Work task
Give back an exact copy of the lines in the records below, from the line that has "Mies | Puserot" through the line that has "Verebek, bambusz és", and nothing besides.

Task inputs
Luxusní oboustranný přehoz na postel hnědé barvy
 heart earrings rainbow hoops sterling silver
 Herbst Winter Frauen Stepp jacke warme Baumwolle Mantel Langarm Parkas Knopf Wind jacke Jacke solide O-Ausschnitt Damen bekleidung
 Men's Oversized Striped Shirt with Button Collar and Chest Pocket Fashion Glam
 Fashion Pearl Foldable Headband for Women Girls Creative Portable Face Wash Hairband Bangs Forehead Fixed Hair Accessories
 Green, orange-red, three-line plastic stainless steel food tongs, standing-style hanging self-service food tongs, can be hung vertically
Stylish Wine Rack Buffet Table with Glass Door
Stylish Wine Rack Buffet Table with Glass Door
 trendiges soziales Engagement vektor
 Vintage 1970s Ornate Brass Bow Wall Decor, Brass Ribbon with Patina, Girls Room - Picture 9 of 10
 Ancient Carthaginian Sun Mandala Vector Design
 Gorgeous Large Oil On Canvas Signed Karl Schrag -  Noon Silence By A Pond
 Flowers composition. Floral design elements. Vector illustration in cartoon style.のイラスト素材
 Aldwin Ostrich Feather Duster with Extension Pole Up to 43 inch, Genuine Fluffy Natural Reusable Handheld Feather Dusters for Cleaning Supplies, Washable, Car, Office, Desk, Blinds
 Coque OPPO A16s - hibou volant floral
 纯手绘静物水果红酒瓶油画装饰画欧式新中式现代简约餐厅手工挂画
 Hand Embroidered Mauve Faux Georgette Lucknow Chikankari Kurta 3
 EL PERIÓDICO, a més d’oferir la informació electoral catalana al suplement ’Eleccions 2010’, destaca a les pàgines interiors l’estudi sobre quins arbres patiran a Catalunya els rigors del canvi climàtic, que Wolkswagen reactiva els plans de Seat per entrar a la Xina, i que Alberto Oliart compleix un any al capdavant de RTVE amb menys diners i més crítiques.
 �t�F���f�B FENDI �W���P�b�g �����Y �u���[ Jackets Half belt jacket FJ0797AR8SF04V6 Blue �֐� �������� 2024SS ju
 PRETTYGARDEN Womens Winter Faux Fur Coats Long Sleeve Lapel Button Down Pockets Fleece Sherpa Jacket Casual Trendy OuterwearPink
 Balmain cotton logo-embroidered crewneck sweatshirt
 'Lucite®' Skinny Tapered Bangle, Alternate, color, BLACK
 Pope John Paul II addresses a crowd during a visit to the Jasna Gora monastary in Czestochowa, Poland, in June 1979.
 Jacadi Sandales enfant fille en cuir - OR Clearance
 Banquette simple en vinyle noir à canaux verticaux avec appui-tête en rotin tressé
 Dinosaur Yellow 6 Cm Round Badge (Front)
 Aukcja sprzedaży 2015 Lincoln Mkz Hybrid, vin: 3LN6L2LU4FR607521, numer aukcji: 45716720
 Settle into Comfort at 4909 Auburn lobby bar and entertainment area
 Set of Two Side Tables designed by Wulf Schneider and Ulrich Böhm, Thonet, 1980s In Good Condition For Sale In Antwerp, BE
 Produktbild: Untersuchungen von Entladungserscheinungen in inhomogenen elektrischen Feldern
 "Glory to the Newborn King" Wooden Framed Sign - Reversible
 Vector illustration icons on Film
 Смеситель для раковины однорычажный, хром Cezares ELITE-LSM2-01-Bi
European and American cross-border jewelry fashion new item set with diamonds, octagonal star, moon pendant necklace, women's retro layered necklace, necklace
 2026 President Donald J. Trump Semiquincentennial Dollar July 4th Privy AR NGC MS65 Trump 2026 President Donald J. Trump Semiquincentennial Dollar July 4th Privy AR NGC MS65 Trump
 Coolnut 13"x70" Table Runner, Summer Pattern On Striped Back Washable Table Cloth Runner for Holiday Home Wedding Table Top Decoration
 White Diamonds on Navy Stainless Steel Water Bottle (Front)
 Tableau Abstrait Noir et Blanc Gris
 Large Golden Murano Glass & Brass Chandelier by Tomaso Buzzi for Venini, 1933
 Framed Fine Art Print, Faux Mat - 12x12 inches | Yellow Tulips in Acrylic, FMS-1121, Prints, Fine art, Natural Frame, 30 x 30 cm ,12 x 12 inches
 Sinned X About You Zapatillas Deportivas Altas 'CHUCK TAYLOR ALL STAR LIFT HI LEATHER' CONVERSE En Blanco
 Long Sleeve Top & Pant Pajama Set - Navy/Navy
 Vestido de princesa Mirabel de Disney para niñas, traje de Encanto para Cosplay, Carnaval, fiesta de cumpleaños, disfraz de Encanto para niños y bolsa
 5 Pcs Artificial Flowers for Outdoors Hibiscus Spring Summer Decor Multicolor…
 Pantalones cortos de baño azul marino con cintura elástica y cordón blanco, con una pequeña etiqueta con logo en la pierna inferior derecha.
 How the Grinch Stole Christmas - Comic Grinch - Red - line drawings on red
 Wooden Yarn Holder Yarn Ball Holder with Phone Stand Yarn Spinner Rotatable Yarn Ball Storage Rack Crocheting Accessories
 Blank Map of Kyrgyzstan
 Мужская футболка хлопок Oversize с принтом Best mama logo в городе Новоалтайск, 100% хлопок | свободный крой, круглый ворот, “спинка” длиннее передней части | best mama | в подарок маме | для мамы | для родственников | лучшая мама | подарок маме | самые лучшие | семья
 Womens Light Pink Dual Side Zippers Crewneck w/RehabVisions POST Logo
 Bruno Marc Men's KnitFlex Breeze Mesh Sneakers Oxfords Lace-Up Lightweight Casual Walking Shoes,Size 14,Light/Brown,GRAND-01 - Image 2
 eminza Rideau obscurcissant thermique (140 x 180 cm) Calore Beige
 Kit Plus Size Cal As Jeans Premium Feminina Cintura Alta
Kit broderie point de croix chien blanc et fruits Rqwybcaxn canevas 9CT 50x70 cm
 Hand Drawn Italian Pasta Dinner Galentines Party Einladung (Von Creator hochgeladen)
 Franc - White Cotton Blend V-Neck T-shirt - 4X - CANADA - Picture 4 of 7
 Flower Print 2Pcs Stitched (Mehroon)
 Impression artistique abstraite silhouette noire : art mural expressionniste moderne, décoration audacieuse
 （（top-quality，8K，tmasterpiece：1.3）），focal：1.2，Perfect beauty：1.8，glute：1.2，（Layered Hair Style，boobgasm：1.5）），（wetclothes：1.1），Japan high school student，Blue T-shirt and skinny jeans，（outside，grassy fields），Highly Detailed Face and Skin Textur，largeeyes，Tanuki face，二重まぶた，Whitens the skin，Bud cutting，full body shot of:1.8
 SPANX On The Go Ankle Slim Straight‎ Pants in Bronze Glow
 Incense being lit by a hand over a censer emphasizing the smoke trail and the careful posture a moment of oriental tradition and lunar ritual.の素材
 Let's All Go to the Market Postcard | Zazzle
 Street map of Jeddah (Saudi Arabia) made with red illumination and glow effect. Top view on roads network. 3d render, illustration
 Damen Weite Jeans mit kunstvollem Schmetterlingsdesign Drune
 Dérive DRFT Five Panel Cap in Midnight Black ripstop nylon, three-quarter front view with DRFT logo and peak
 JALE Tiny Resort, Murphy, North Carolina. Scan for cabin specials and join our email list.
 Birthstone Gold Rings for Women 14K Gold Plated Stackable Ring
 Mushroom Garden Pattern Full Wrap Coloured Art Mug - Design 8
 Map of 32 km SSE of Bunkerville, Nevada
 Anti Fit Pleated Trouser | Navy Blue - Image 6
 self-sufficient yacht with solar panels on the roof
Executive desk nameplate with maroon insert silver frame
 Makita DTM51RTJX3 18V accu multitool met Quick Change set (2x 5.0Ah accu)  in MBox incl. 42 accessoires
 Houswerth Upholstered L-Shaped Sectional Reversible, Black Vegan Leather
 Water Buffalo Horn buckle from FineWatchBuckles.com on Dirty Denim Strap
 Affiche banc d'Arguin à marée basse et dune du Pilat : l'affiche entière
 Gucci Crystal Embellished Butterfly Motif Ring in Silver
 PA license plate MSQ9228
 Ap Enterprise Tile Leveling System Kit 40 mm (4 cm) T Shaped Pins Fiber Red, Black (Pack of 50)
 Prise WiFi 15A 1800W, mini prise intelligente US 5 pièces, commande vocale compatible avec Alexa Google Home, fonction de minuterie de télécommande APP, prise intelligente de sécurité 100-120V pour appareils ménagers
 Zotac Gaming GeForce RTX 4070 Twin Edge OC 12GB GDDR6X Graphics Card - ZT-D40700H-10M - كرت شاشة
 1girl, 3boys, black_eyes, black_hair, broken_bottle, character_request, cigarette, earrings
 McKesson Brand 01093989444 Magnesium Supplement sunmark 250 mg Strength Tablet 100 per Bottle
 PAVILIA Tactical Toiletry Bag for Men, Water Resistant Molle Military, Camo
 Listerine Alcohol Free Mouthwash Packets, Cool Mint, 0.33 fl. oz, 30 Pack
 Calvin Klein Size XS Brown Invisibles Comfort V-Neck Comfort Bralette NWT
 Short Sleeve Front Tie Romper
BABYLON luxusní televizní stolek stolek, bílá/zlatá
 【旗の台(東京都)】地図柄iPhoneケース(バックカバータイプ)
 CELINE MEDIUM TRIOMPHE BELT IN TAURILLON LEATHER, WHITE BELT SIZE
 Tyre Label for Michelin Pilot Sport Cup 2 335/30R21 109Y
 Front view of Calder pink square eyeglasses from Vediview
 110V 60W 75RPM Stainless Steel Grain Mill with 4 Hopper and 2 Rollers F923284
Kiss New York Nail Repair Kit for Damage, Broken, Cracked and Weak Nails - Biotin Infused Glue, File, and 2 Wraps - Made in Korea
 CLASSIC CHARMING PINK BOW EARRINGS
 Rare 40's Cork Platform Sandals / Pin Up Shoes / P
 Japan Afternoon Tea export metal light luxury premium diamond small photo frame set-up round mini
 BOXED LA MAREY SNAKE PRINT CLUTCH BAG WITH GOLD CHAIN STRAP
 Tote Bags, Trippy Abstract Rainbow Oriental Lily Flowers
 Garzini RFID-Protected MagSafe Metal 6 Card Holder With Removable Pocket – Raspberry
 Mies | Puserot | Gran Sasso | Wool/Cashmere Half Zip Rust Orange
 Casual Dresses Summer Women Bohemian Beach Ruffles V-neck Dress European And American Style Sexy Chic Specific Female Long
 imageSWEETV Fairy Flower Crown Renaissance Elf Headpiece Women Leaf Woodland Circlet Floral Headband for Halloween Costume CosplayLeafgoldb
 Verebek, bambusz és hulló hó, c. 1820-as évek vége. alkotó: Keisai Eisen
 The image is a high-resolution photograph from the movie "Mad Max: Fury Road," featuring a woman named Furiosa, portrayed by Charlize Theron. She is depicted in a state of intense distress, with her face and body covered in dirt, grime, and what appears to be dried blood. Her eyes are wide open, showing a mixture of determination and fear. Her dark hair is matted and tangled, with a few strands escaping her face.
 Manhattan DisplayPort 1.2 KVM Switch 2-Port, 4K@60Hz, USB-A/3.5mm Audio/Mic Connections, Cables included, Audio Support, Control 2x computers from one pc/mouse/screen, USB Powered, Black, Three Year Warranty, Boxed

Task response
 Mies | Puserot | Gran Sasso | Wool/Cashmere Half Zip Rust Orange
 Casual Dresses Summer Women Bohemian Beach Ruffles V-neck Dress European And American Style Sexy Chic Specific Female Long
 imageSWEETV Fairy Flower Crown Renaissance Elf Headpiece Women Leaf Woodland Circlet Floral Headband for Halloween Costume CosplayLeafgoldb
 Verebek, bambusz és hulló hó, c. 1820-as évek vége. alkotó: Keisai Eisen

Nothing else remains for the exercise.